Reflections on Water: Recent Works by Mary Edna Fraser,
Linda Gass, and Barbara Lee Smith

Katherine E. Nash Gallery, Univ. of Minn., Minneapolis, Minn.
Through June 30

The theme of water – “whether viewed aerially, from a distance or close enough to feel the spray of a wave” – is the common thread of the work of these three artists, whose processes are quite different. Show coordinator Barbara Lee Smith uses industrial-grade polyester combined with paint and stitching to create dreamy, atmospheric landscapes. The works in her exhibition “serve as reminders of the power of nature and the power of humankind to create and destroy.” Linda Gass paints and stitches on silk; her aerial-perspective landscapes are an expression of her environmental activism, encouraging people to consider water-use issues and feel inspired to take action. Mary Edna Fraser is also motivated by environmental concerns, seeking to convey “a sense of place often employing conservation science. Her work is inspired by Japanese “floating world” woodblock prints from the Edo period (1615-1868).

 

The WindFallMaps – India Flint

Katherine E. Nash Gallery, Univ. of Minn., Minneapolis, Minn.
Through June 30

A beautiful solo show of the work of India Flint, an artist known for her work with the ecoprint, an ecologically sustainable plant-based dyeing process. This exhibition includes wall pieces as well as long, flowing garments hung from branches, making for an immersive, forest-like experience. From the artist’s statement:

Some pieces are intended for walls, others to enfold the human body, which in turn marks its own kind of map upon the work as a garment molds to the wearer. Discarded clothes are encoded maps of bodies as well as maps of places the bodies have been. Cut open a well-worn garment and it will reveal clues of wandering, wear and shape; just as the Shroud of Turin* revealed clues about the form it once wrapped.

The maps in this exhibition aren’t intended to function as guides, rather as a series of travel notes in a personal code that remind me of places I’ve been. The processes are slow and mindful, a kind of immersion in intimate knowledge of the land as much as quiet concentrated work on stitching and piecing.

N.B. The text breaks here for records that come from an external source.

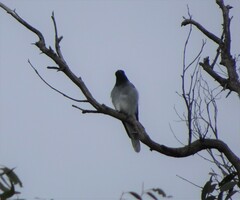 Coracina novaehollandiae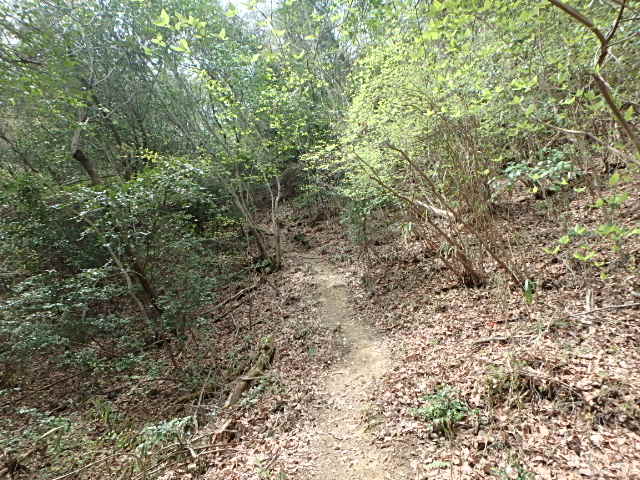 f0334143_20542697.jpg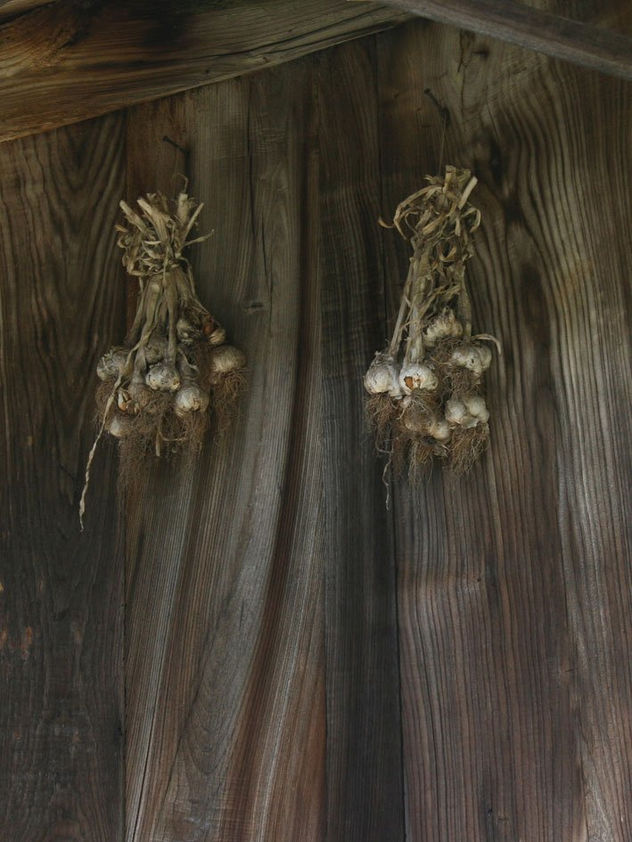 Ajos (Valdesoto, Asturias)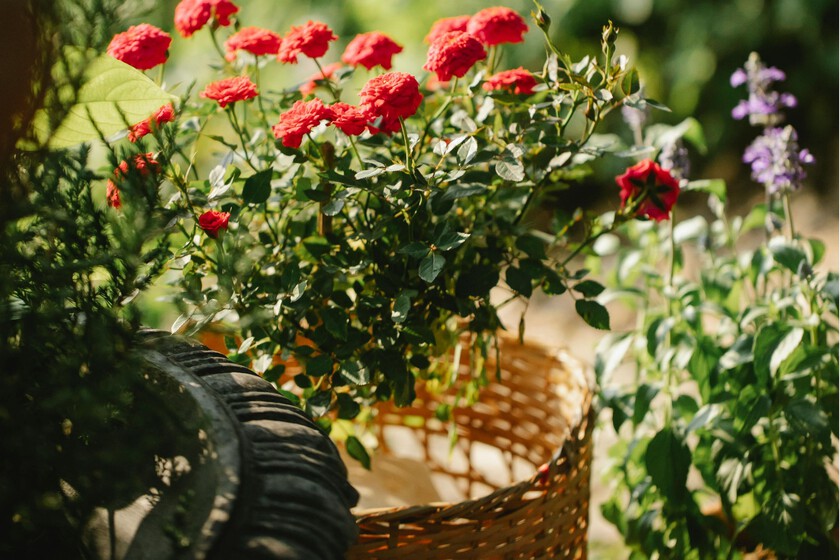 Tres flores para sembrar en marzo y transformar la terraza en un pequeño jardín mediterráneo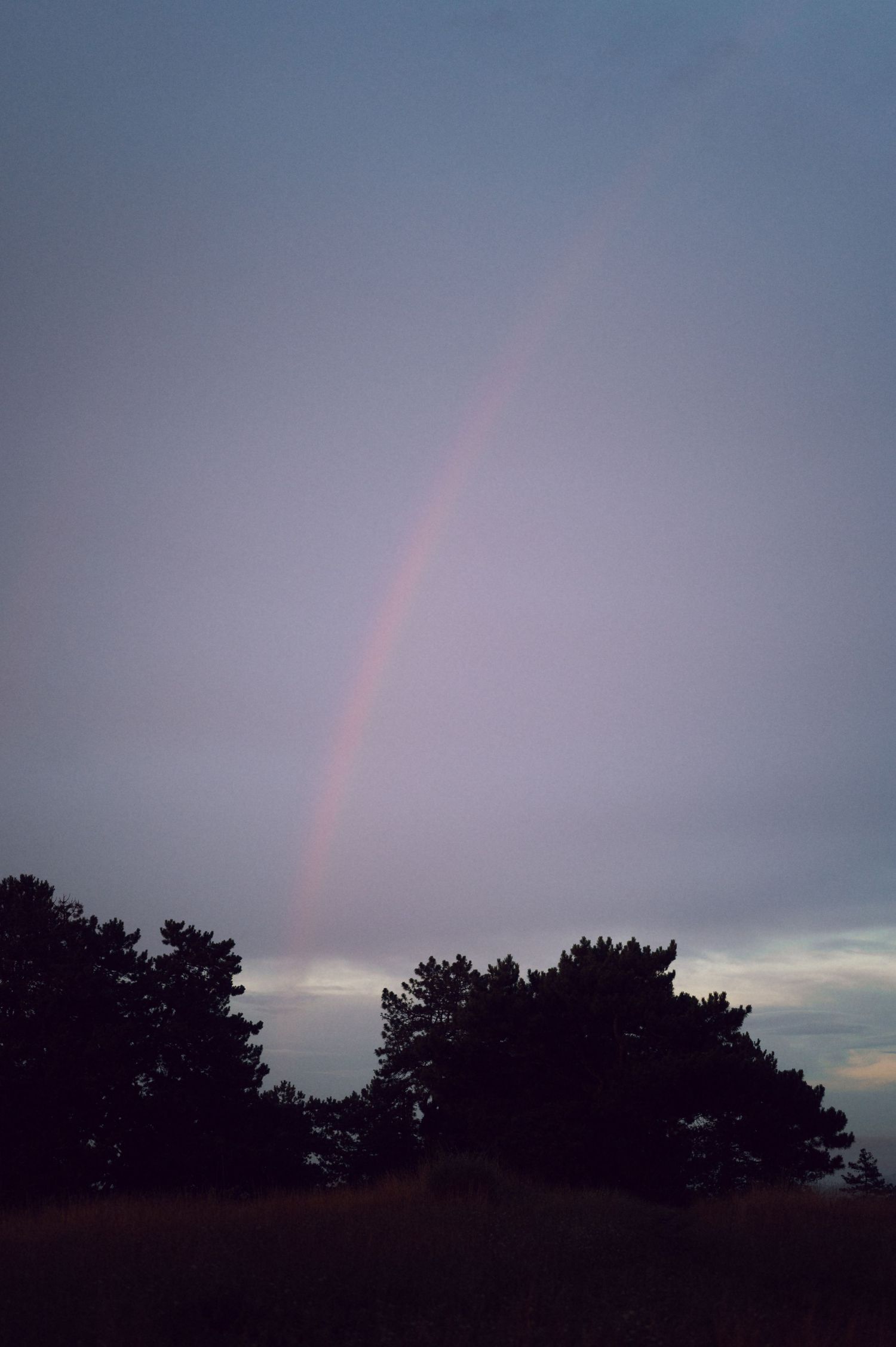 A faint rainbow arcs over silhouetted trees against a moody twilight sky with soft purple and gray clouds.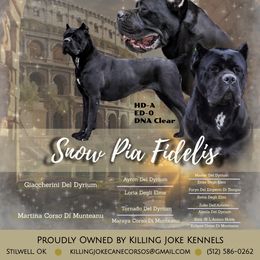 Snow - Cane Corso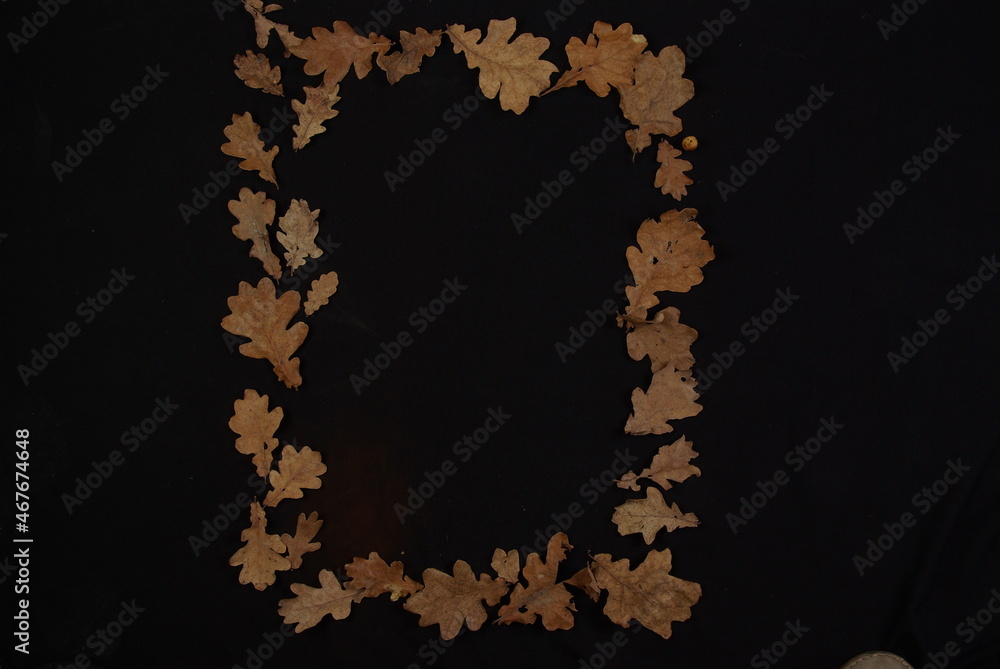 Frames of dry leaves on a black background.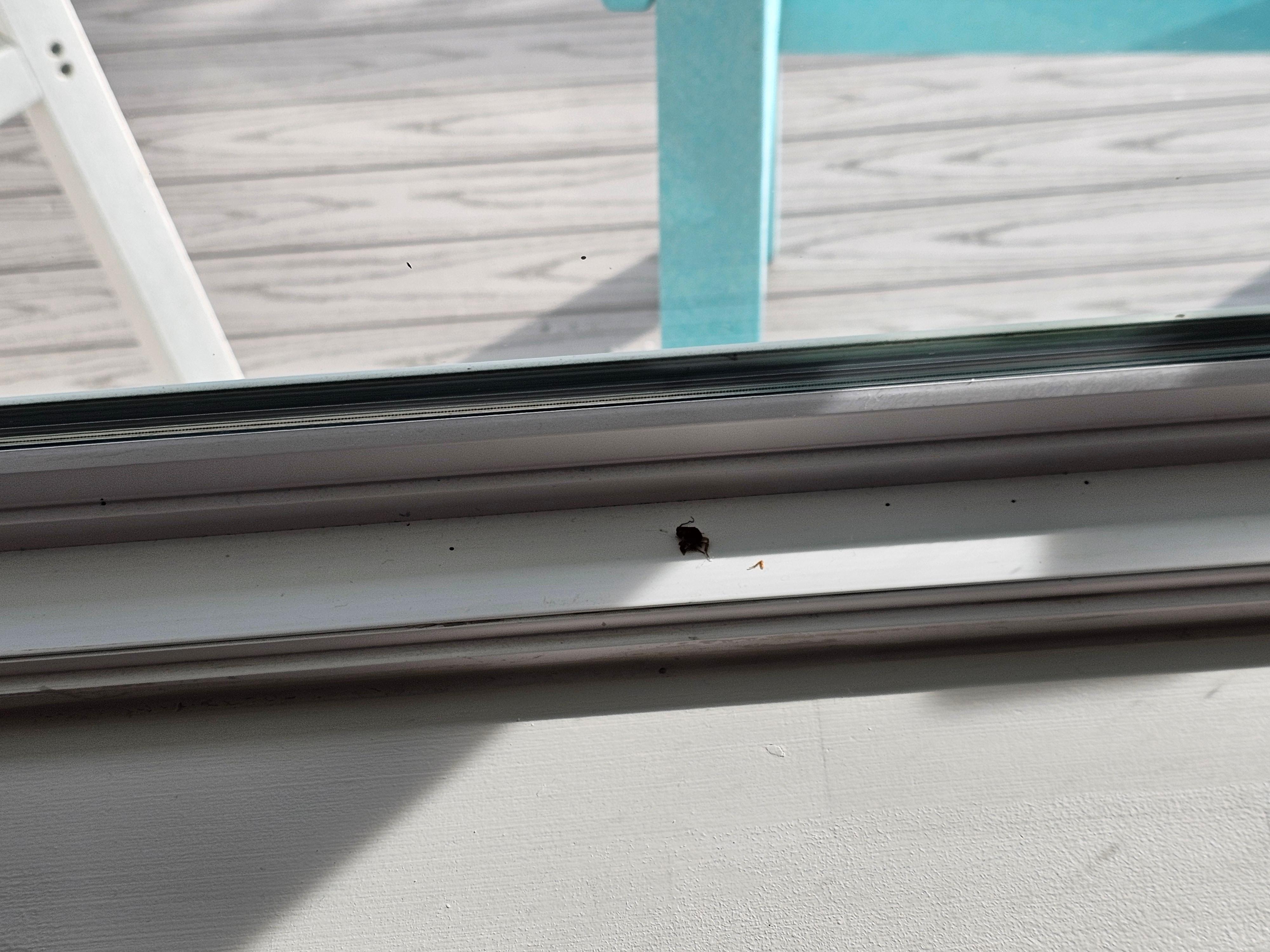 One of the 2 cockroaches.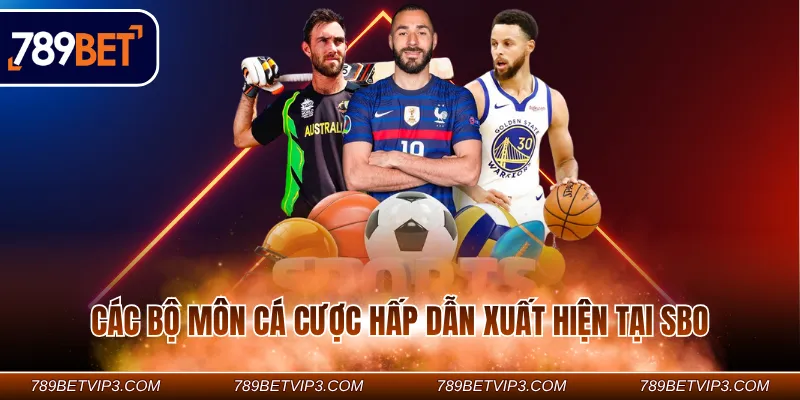 Các bộ môn cá cược hấp dẫn xuất hiện tại SBO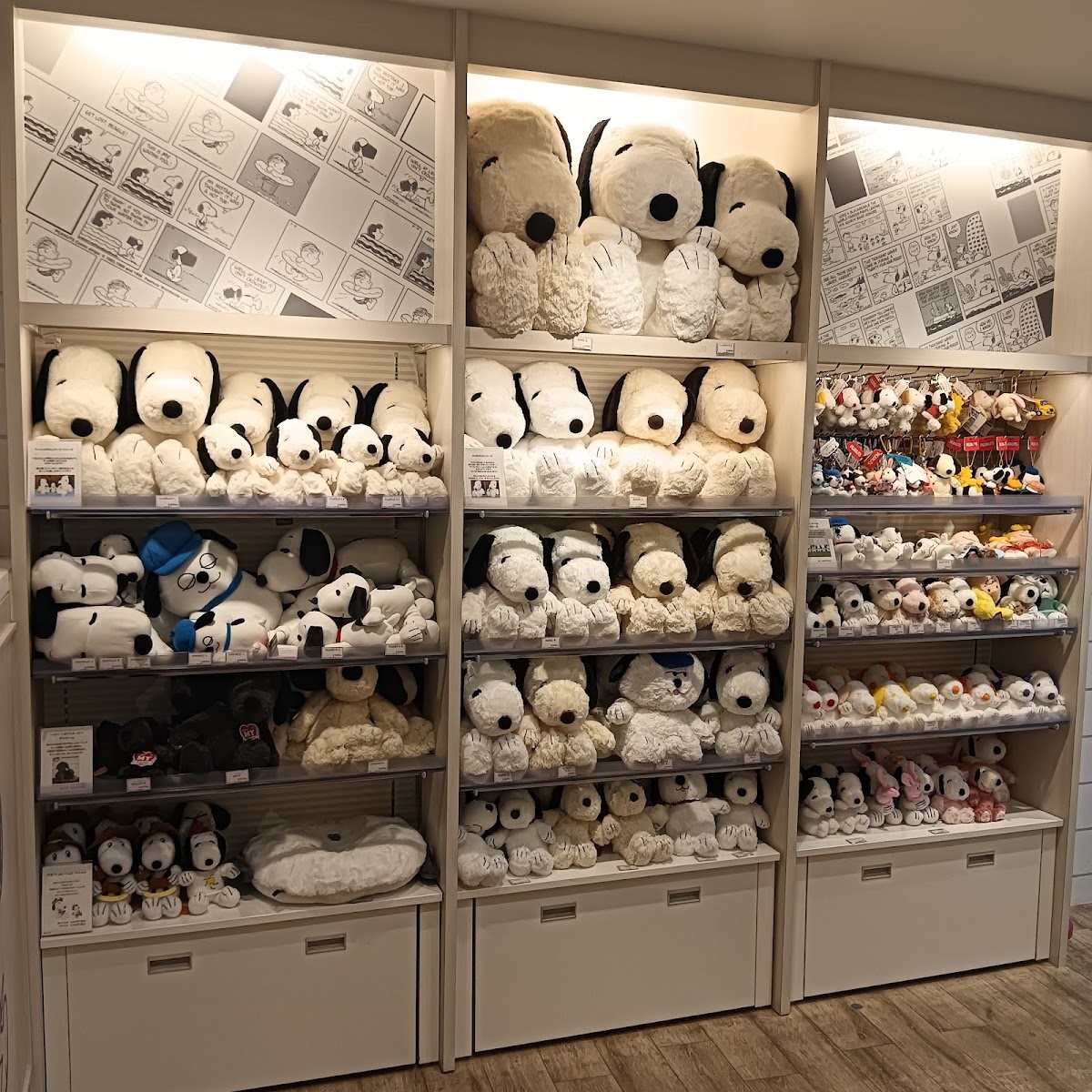 KIDDY LAND 三宮店(キデイランド 三宮店) 實景照片 6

(See more about her process in my posts about her workshop here and here.)

 
 *What are the odds that two of the artists in these concurrent exhibitions would mention the Shroud of Turin?

 

2017-10-15T16:15:50+00:00 June 17th, 2011|Exhibitions|5 Comments

SDA conference – gallery day, part II

Jason Pollen - Promise of Calmer Seas
Promise of Calmer Seas, detail, ©Jason Pollen

Sentinels – Jason Pollen

The Christensen Center Art Gallery, Augsburg College, Minneapolis, Minn.
Through July 29

It would be difficult to overestimate the contribution and influence Jason Pollen has had in the world of textile art over the last few decades. As a long-time president of the Surface Design Association and recently retired chair of the fiber department at Kansas City Art Institute, his artwork and his teaching have inspired countless numbers of students and working artists alike. I was fortunate to have had the opportunity to take a workshop with him in the Denver area several years ago, and some of the things I learned are integral to the work I’m making now.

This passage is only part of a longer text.